Ingest is one-shot per episode. Consumption is RAG on demand against the tenant's own vectors.

03 — Key features

Key features

/01
Per-tenant by RLS, not by code
Tenant isolation lives in Postgres policies. Every read or write is checked at the row level. A leak requires breaking RLS, not forgetting a WHERE clause.
/02
Voice-matched RAG, not generic AI copy
Generation runs against the tenant's own pgvector chunks, conditioned on a per-tenant voice profile. The output sounds like the creator, not like an LLM. And it can't quote an episode that doesn't belong to whoever's asking.
/03
Streamed from Groq, not polled
AI SDK v6 streams tokens from Groq to the client.
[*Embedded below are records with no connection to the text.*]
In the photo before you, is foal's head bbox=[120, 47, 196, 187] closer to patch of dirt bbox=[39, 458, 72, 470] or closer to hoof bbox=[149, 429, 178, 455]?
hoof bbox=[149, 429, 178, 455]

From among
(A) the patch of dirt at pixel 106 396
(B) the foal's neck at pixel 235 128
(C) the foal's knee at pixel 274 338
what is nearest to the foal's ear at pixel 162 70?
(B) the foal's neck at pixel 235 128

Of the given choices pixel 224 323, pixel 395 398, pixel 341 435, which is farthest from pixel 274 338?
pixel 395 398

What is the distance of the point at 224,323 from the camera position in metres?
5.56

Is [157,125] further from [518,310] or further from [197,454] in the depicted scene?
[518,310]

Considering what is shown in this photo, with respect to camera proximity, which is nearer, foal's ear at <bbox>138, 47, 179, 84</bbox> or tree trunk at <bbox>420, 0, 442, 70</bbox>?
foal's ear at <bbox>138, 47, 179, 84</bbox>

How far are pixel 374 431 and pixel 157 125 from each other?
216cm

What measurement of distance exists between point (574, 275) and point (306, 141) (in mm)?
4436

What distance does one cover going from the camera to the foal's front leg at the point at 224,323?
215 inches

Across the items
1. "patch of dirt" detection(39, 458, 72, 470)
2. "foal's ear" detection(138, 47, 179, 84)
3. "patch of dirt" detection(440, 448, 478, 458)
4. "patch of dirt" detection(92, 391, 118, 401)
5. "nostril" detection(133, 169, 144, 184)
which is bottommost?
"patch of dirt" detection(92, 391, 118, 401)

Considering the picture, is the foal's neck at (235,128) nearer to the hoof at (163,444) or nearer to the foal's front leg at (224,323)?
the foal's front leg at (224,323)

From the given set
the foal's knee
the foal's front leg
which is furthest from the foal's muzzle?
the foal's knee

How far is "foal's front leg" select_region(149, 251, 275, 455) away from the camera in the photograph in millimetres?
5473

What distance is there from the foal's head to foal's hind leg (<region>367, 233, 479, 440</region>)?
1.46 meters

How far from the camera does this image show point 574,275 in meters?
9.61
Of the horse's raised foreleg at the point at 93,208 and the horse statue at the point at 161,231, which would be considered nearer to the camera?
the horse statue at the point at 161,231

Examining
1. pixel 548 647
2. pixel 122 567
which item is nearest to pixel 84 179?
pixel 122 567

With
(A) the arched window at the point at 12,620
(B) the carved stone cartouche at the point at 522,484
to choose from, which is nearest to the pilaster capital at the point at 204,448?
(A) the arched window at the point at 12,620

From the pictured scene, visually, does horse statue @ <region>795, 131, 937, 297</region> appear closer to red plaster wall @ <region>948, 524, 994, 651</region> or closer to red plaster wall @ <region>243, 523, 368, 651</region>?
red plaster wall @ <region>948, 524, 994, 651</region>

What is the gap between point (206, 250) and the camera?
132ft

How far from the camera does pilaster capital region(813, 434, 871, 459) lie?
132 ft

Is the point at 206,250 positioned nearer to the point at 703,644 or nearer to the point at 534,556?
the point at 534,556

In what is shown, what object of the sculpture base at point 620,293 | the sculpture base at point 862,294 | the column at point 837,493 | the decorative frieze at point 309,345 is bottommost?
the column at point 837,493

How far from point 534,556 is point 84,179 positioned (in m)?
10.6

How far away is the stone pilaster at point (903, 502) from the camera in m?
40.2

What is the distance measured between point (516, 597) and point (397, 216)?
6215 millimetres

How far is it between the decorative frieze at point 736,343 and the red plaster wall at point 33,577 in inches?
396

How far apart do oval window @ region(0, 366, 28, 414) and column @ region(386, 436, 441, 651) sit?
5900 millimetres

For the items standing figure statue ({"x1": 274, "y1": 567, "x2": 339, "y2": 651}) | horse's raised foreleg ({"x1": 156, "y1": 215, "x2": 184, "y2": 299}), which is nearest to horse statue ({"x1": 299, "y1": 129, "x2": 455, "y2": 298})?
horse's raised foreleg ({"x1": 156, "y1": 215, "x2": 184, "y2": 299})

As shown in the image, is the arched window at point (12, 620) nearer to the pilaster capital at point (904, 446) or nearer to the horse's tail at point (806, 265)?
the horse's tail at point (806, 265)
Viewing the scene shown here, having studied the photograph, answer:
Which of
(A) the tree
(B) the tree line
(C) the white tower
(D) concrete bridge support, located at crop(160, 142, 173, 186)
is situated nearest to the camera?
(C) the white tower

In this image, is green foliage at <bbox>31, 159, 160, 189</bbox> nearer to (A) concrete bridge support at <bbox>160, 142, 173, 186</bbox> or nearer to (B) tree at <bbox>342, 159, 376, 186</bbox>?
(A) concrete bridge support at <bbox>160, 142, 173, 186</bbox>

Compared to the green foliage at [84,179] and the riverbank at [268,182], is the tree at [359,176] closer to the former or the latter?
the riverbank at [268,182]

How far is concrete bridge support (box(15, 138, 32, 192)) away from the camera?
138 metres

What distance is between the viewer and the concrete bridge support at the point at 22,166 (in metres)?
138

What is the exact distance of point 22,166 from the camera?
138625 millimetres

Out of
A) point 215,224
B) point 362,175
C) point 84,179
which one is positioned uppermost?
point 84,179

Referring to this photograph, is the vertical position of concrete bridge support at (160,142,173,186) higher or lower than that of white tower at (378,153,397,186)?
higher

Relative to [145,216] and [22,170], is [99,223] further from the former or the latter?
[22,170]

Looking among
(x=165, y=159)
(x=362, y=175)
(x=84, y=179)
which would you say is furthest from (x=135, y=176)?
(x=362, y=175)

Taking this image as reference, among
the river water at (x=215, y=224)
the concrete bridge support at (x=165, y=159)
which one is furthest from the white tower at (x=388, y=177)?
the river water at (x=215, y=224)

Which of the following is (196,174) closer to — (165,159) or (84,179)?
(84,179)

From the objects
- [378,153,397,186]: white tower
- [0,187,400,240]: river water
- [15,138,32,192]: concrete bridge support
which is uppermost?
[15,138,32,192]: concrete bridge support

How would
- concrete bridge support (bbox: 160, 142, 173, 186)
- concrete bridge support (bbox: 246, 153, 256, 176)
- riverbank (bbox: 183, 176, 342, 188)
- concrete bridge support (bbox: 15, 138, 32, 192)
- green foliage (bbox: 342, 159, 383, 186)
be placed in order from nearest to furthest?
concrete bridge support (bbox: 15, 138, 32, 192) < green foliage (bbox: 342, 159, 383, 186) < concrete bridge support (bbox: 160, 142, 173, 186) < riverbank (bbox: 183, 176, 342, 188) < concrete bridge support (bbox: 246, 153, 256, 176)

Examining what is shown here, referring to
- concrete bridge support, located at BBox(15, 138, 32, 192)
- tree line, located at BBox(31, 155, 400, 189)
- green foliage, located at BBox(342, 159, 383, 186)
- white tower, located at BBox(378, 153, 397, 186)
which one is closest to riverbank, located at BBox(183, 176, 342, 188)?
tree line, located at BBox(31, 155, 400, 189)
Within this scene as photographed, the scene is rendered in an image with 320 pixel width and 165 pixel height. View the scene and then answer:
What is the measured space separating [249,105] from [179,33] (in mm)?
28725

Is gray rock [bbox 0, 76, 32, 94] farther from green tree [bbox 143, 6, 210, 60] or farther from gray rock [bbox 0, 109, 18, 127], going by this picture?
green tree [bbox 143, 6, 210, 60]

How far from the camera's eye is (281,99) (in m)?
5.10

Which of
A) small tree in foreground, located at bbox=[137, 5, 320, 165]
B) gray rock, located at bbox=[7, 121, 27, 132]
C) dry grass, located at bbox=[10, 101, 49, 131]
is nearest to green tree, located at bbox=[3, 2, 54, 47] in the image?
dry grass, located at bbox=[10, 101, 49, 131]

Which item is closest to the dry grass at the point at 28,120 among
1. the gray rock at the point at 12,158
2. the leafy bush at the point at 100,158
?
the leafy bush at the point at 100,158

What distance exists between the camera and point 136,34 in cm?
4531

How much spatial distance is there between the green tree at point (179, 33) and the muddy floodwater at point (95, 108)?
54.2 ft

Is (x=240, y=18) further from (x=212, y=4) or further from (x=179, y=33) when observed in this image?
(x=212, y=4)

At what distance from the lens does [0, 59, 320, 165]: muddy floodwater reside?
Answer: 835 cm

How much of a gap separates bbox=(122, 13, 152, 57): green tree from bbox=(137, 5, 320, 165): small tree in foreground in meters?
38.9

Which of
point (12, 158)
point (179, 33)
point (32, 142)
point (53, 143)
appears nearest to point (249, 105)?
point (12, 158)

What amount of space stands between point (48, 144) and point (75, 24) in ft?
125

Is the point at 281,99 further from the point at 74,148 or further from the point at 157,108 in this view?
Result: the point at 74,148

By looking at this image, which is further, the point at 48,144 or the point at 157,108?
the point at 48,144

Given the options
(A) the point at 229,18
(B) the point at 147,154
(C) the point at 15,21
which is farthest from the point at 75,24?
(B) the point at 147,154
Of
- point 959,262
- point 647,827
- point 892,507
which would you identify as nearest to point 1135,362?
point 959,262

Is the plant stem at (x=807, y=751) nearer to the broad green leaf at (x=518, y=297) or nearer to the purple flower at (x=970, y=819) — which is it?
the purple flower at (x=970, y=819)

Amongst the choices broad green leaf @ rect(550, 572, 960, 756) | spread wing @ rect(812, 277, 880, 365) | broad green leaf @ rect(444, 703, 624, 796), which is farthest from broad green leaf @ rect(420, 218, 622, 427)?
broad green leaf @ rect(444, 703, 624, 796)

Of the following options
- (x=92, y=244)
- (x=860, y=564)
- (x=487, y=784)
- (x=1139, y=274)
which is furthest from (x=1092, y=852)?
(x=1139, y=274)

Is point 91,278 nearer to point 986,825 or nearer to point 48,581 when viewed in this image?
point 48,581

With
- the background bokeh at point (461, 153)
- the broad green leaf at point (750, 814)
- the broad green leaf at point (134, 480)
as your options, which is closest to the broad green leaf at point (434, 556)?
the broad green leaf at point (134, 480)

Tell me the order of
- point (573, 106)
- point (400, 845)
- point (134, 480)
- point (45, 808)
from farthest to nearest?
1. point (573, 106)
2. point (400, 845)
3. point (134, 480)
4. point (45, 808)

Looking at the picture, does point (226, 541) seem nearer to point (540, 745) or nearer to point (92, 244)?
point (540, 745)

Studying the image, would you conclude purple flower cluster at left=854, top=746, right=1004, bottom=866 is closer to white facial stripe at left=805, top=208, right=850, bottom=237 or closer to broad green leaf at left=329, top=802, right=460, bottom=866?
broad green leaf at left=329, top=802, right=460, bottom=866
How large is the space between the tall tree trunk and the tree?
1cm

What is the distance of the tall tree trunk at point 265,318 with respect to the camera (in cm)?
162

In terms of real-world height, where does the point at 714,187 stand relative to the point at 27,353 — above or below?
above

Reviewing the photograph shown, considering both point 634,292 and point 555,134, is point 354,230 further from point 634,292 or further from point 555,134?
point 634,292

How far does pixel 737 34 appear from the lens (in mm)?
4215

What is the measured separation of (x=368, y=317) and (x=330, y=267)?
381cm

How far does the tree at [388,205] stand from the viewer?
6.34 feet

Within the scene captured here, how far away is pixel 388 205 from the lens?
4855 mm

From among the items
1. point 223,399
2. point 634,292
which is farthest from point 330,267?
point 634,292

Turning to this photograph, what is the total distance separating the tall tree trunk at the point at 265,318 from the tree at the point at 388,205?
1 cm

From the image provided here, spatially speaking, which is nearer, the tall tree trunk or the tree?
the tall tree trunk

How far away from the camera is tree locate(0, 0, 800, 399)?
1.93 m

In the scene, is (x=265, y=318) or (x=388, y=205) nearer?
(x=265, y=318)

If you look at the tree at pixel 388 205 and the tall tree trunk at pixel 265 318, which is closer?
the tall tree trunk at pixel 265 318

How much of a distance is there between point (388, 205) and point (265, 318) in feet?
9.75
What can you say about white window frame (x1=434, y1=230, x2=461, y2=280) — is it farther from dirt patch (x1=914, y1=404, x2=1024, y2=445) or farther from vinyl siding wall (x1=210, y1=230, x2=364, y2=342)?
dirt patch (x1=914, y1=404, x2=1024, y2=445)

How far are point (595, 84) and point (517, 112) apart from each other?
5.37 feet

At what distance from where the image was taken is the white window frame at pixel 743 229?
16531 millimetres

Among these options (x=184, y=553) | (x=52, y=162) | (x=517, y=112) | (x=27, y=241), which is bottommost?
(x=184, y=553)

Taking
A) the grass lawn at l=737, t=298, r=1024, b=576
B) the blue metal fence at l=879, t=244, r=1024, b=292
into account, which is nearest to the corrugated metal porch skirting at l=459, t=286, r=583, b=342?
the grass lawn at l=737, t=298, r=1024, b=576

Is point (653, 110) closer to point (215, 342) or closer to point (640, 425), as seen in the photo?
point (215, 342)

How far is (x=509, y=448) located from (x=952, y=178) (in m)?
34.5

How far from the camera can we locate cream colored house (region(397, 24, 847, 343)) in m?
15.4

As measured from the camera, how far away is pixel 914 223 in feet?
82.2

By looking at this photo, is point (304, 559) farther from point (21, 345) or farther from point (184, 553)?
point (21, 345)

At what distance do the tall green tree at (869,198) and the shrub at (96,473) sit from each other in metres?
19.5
Show notes feel instant because the user reads while the model is still writing.
/04
Service-role kept off the browser
The admin client lives strictly behind the server boundary. Anything the browser can call hits the RLS-bound anon client. The privileged surface never gets exposed.

04 — Technical decisions

Technical decisions

05 — What I'd do differently

What I'd do differently

/01
Build a re-embed migration path on day one. When the embedding model changes (and it will), existing tenants stay frozen on the old vectors. A background cron that re-embeds tenant by tenant would have saved a manual ops pass on every upgrade.
/02
Materialize derivative outputs keyed on (episode_id, derivative_type, model_version). Right now every 'blog post' or 'thread' request hits Groq even when the user generated it last week. Caching the materialized output cuts credit burn ~3–5x on revisits, and putting model_version in the key makes invalidation explicit.